*** Opening INPUT DATA ***

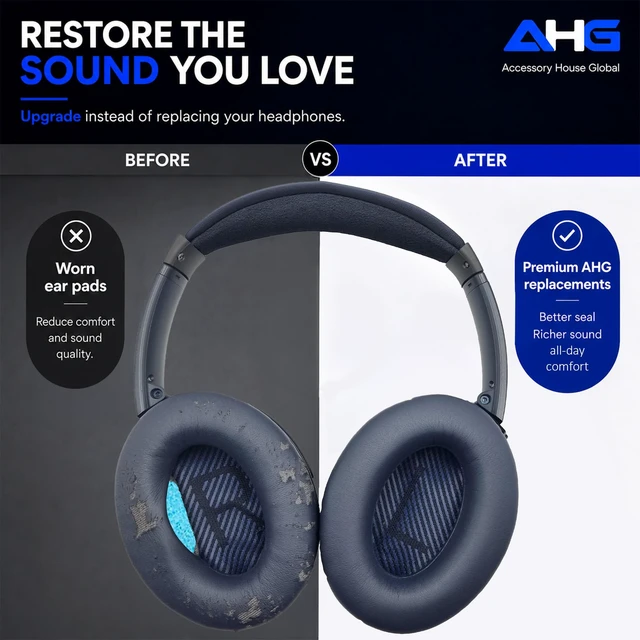 Alt view image 4 of 7 - QC45 Ear Pads Compatible with Bose QuietComfort 45 35 QC35 II QCSC QCSE Midnight Blue Easy DIY Fit Premium Protein Leather Extra Thick Soft High-Density Foam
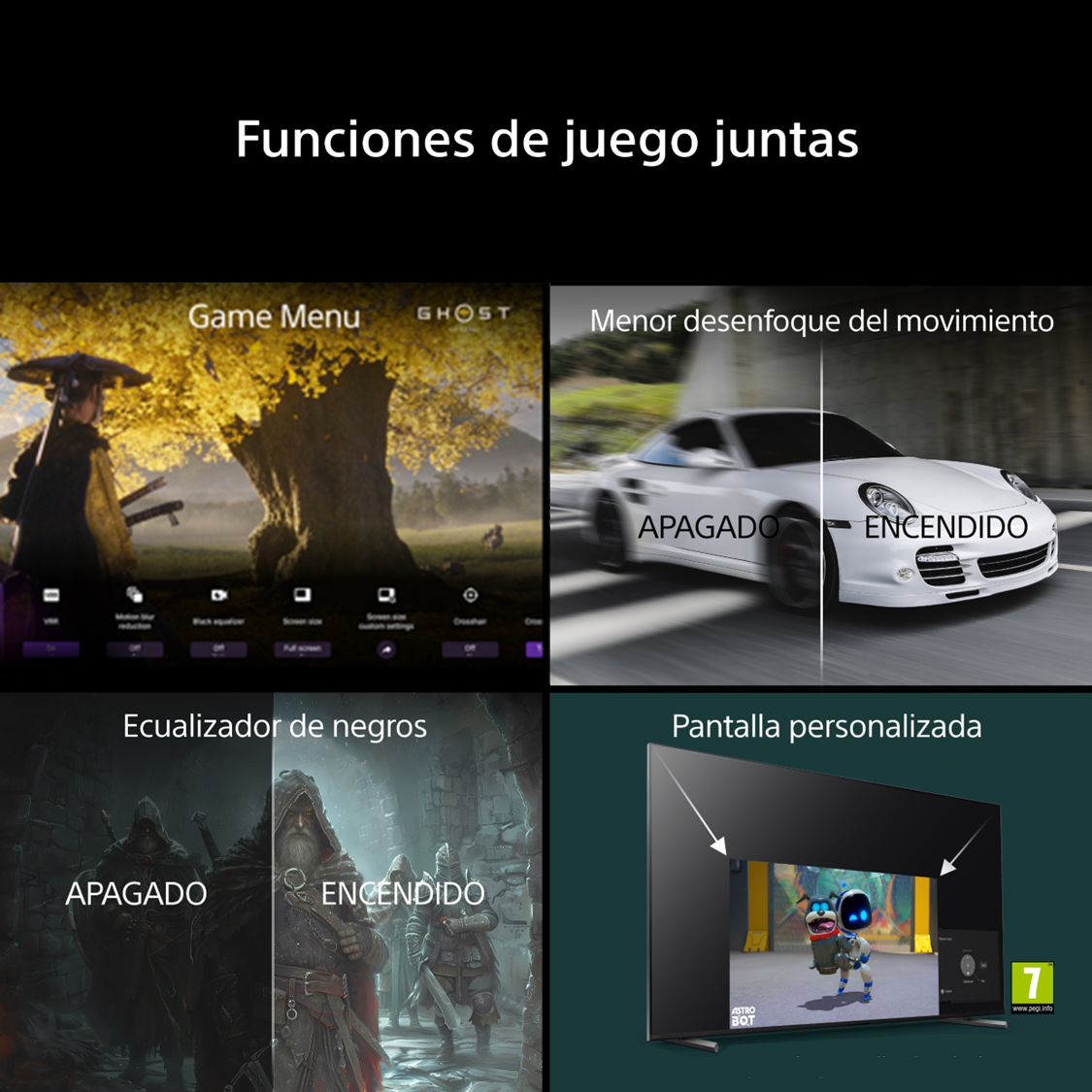 Cuatro imágenes muestran funciones de juego: Menú, desenfoque, ecualizador, pantalla.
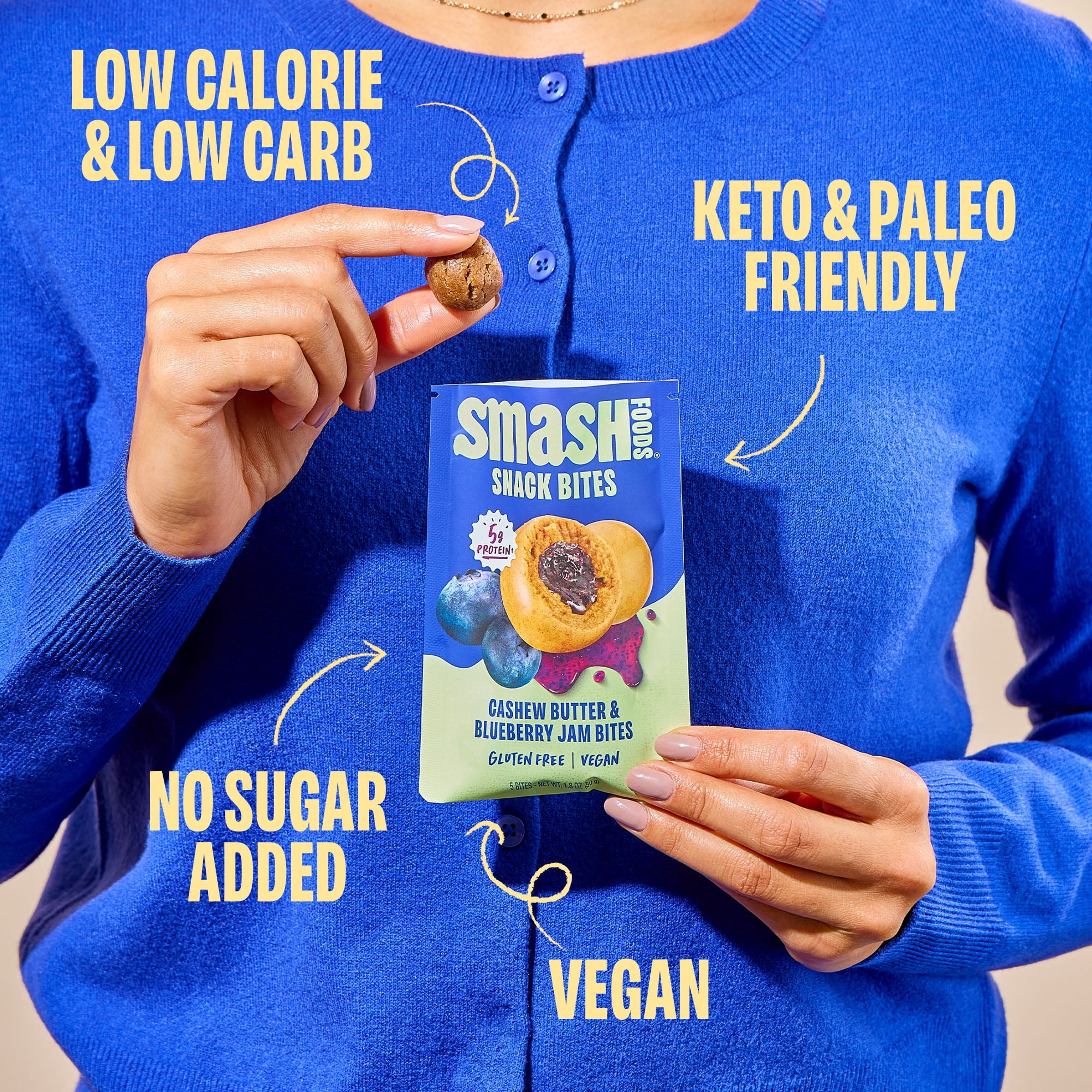 Smash Foods Gluten-Free Vegan Snack Bites (Variety), Protein & Energy, 8-Pack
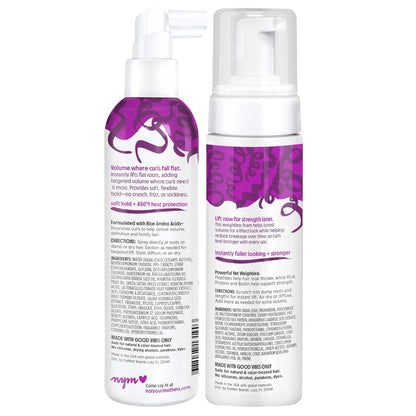 Not Your Mother's Curl Talk Instant Lift Root Hair Spray and Strengthening Volume Foam (2-Pack) - Biotin, Peptides & Rice Protein for Curly Hair Avelisse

*** Closing INPUT DATA ***

**AIM OF THE TASK:**
Omit the pictures and output all remaining material exactly.

**ANSWER BOX:**
 Alt view image 4 of 7 - QC45 Ear Pads Compatible with Bose QuietComfort 45 35 QC35 II QCSC QCSE Midnight Blue Easy DIY Fit Premium Protein Leather Extra Thick Soft High-Density Foam
 Cuatro imágenes muestran funciones de juego: Menú, desenfoque, ecualizador, pantalla.
 Smash Foods Gluten-Free Vegan Snack Bites (Variety), Protein & Energy, 8-Pack
 Not Your Mother's Curl Talk Instant Lift Root Hair Spray and Strengthening Volume Foam (2-Pack) - Biotin, Peptides & Rice Protein for Curly Hair Avelisse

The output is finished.